▶ WHAT THE TASK ASKS
Copy all the data exactly, except the pictures.

▶ EXERCISE DATA

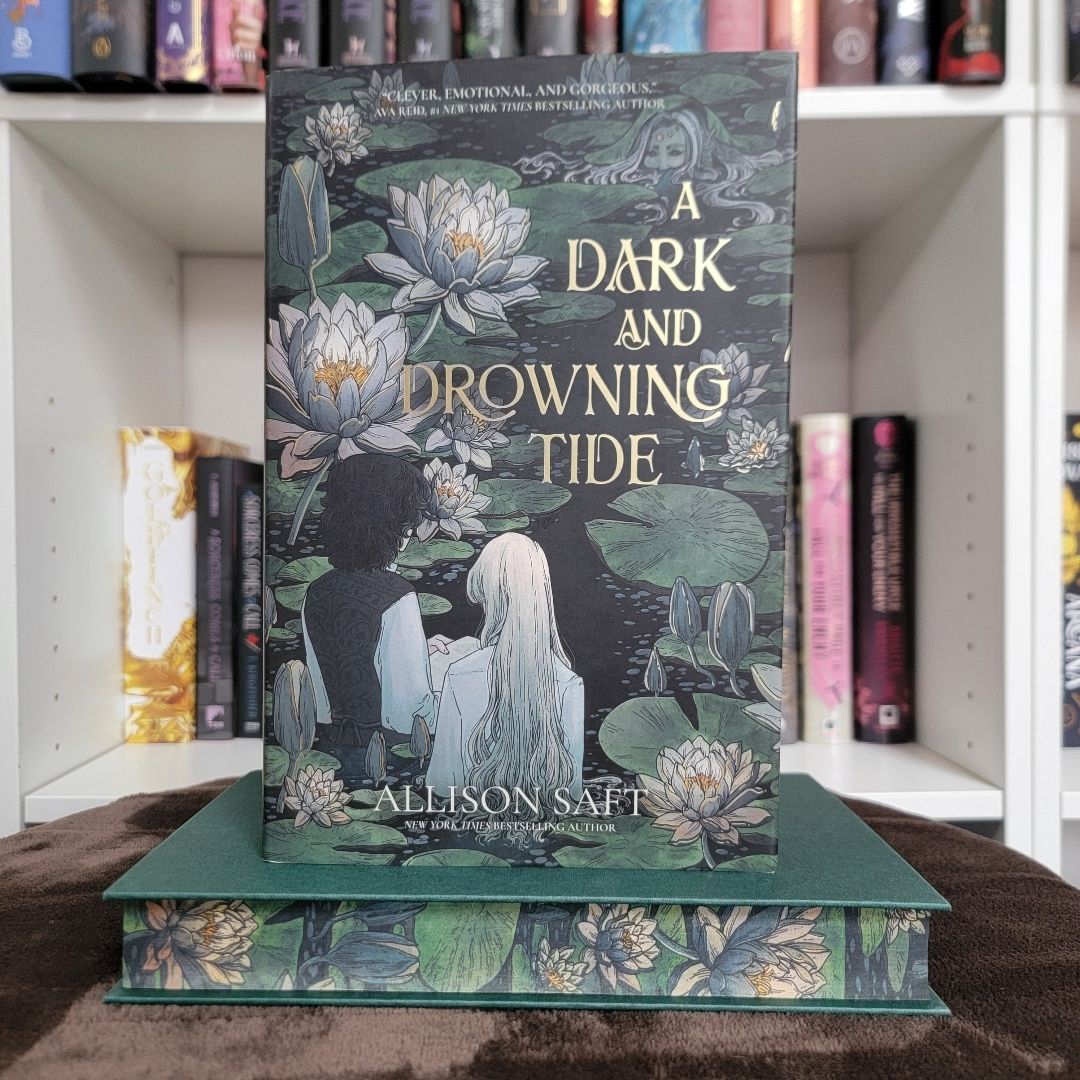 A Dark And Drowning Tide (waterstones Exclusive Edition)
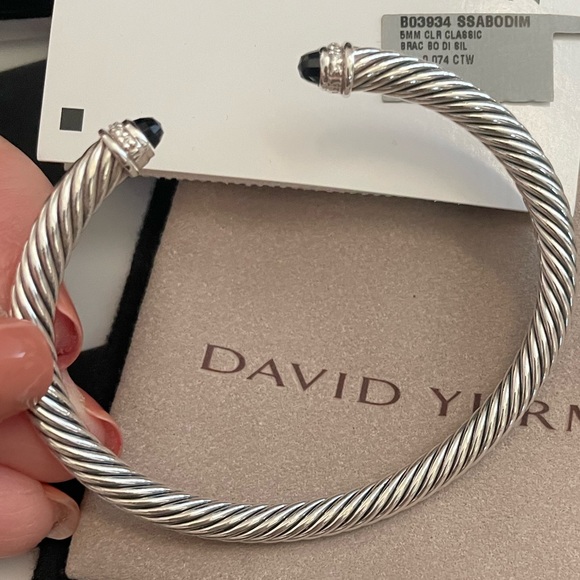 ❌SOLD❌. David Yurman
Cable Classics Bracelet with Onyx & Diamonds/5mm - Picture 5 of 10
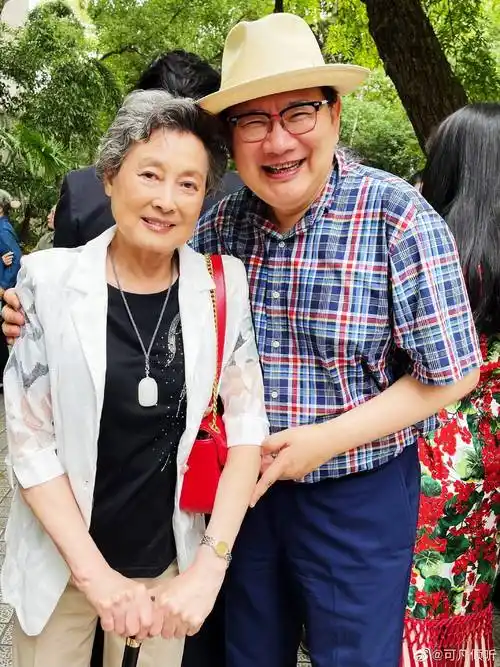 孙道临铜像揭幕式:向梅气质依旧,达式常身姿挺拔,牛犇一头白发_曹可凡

▶ OUTPUT
 A Dark And Drowning Tide (waterstones Exclusive Edition)
 ❌SOLD❌. David Yurman
Cable Classics Bracelet with Onyx & Diamonds/5mm - Picture 5 of 10
 孙道临铜像揭幕式:向梅气质依旧,达式常身姿挺拔,牛犇一头白发_曹可凡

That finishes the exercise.